North Carolina children face more economic insecurity according to data from the Annie E. Casey Foundation.

The Kids Count Data Book found that North Carolina ranks 38th in key indicators of child health and well being in 2011, down a spot from last year. Well-being indicators, which the authors say usually trail economic markers, haven’t captured the recession’s impact and may not for several years.

“While important gains have been made for North Carolina’s children, clear challenges still exist,” said Laila Bell, director of research and data at Action for Children North Carolina, which commissioned Kids Count. “In 2009, half a million children in North Carolina lived in poverty – a particularly sobering statistic since we know that poverty affects children’s academic, health and future labor market outcomes.”

The data reveals a mixed message in North Carolina. The number of kids living in poverty ($22,050 for a family of four in 2009) grew to 504,000 while the teen birth rate declined to 49 births per 1,000 girls in 2008.

On the other hand, school dropout rates continued to improve, with the state ranking 29th in the U.S. at seven percent compared to 16 percent in 2000.

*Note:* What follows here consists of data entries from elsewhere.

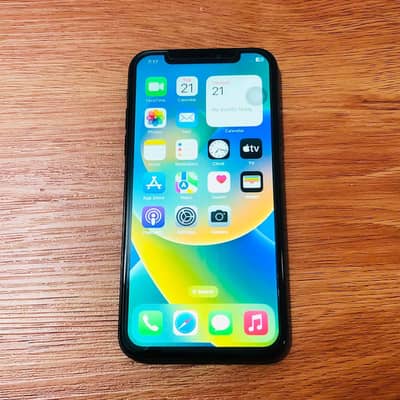 Apple iPhone X 256 gb non pta my WhatsApp number 0329.4868571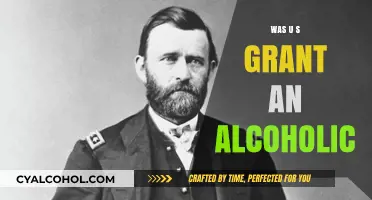 Ulysses S. Grant and Alcoholism: Separating Fact from Fiction
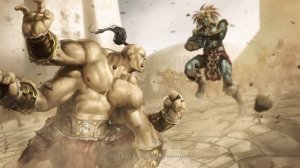 Mortal Kombat X Эпилог Горо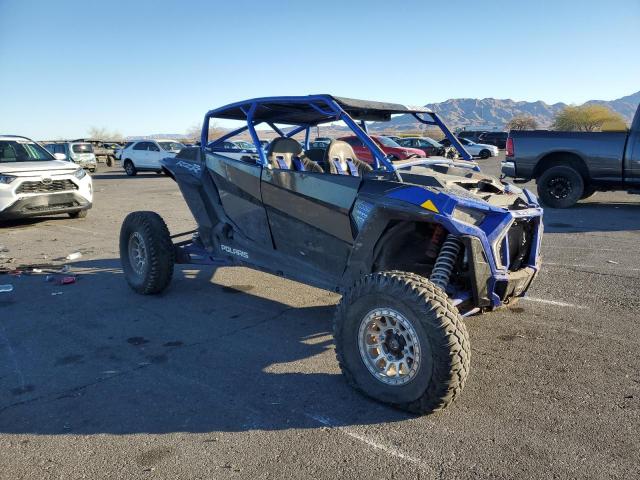  Salvage Polaris Rzr Xp 4 T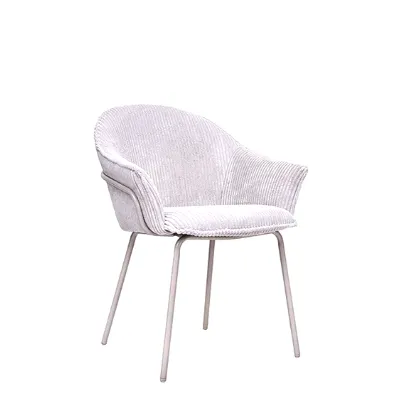 Sedia con braccioli Cassidy di Bizzotto a prezzo scontato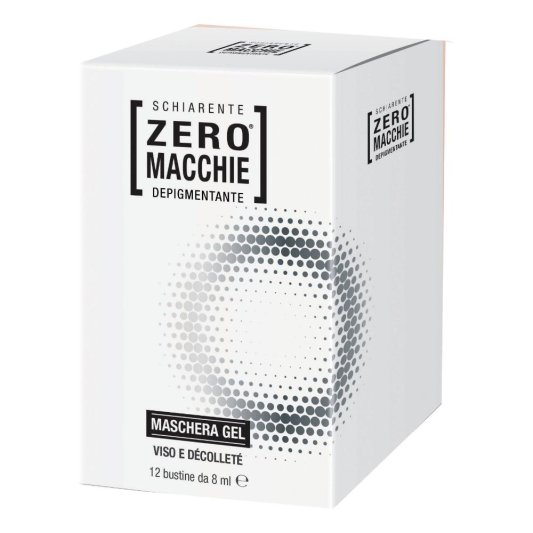 ZERO Macchie Masch.Gel 12Bust.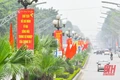Huyện Đông Sơn tổ chức Lễ kỷ niệm 75 năm Ngày Bác Hồ lần đầu tiên về thăm Thanh Hóa và đón nhận Huân chương Độc lập hạng Ba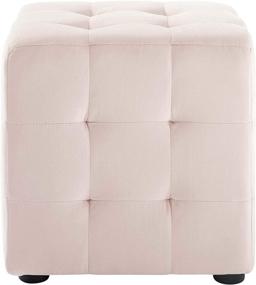 img 2 attached to Modway Contour Tufted Performance Ottoman Furniture in Accent Furniture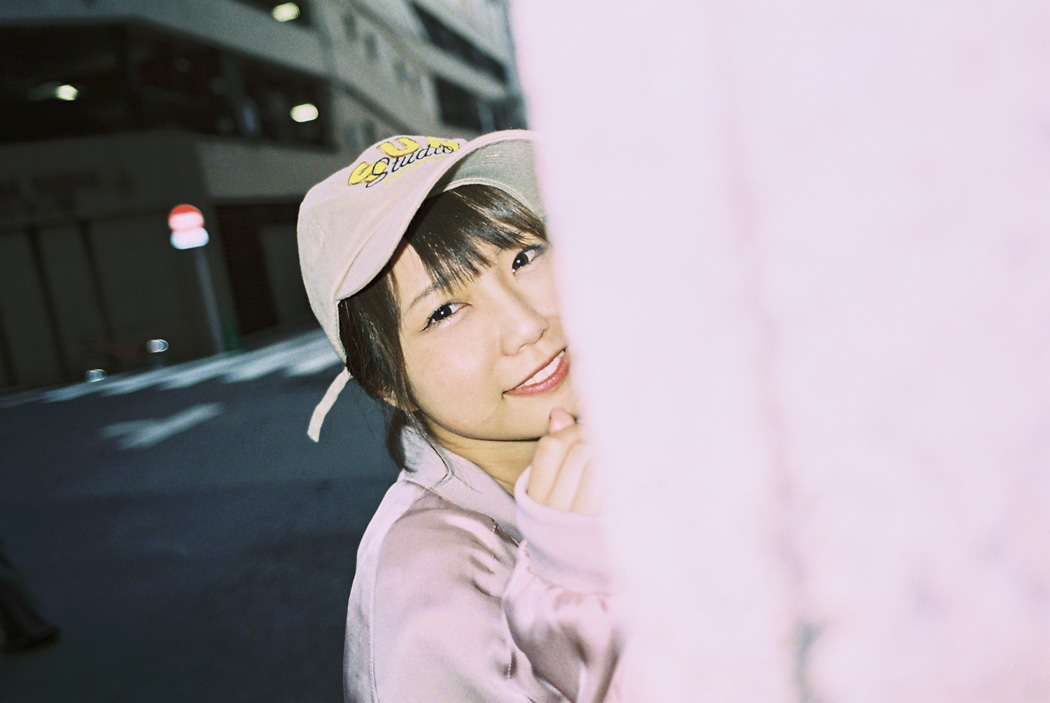 戸田真琴さん（撮影：飯田エリカ）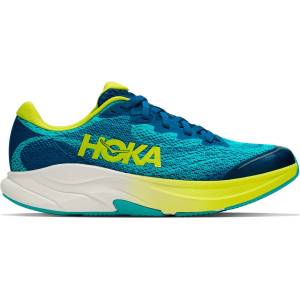 HOKA Детски маратонки Hoka Kid's Rincon 4 Running shoes - Electric Aqua / Neon Hoka Citrus - размер 36 (EU) (702-4508-0411)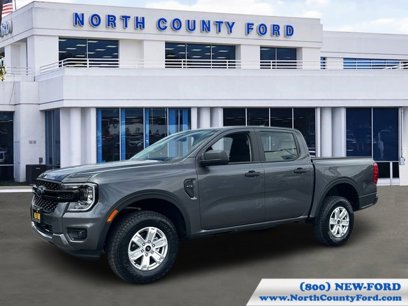 New 2025 Ford Ranger XL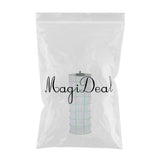 Maxbell Collapsible Herb Drying Net Dryer Mesh Rack with Zipper 8-Layer White - Aladdin Shoppers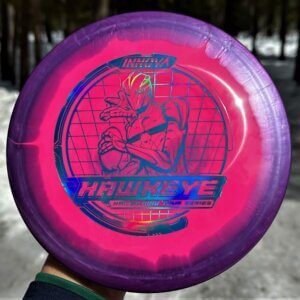 Hailey King Halo Star Hawkeye 2023 Innova Tour Series -- 173-175 grams (5338-2)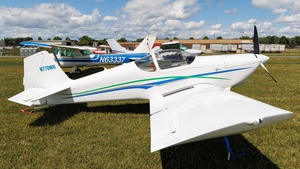 Photo of N770WH - Vans RV-6 operated by Private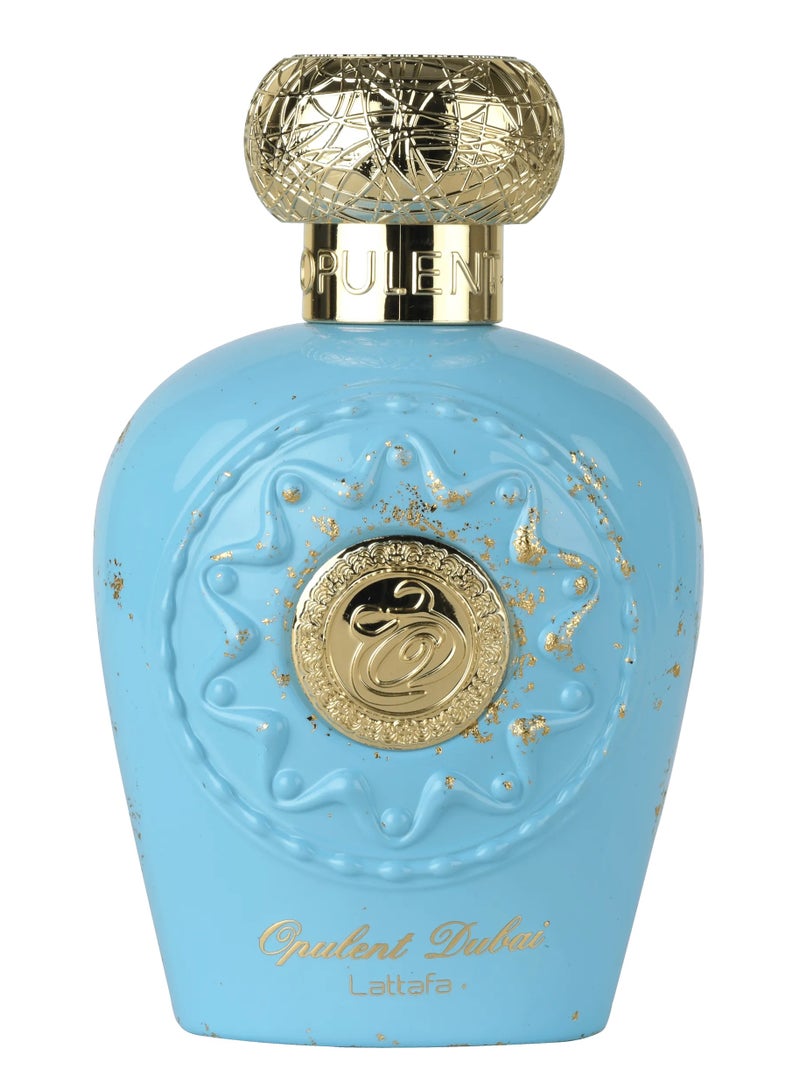 لطافة عطر اوبلنت دبي او دي بارفان 100مل - Image 1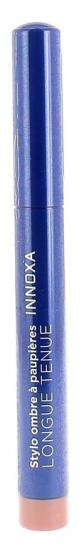 Stylo ombre à paupières longue tenue beige perlé Innoxa - 1 stylo de 1,4g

Economic and social gains for children started to slide before the recession, Kids Count data showed. In N.C., 90,000 children, or two percent of the state’s total, were in families that were impacted by home foreclosure. An estimated 253,000, or 12 percent, lived in homes that had at least one parent who was unemployed.

“Foreclosure and parental unemployment threaten the well-being of our children,” Bell said. “Evidence shows that stable, economically secure homes are critical components of child development and are essential to children’s life success.”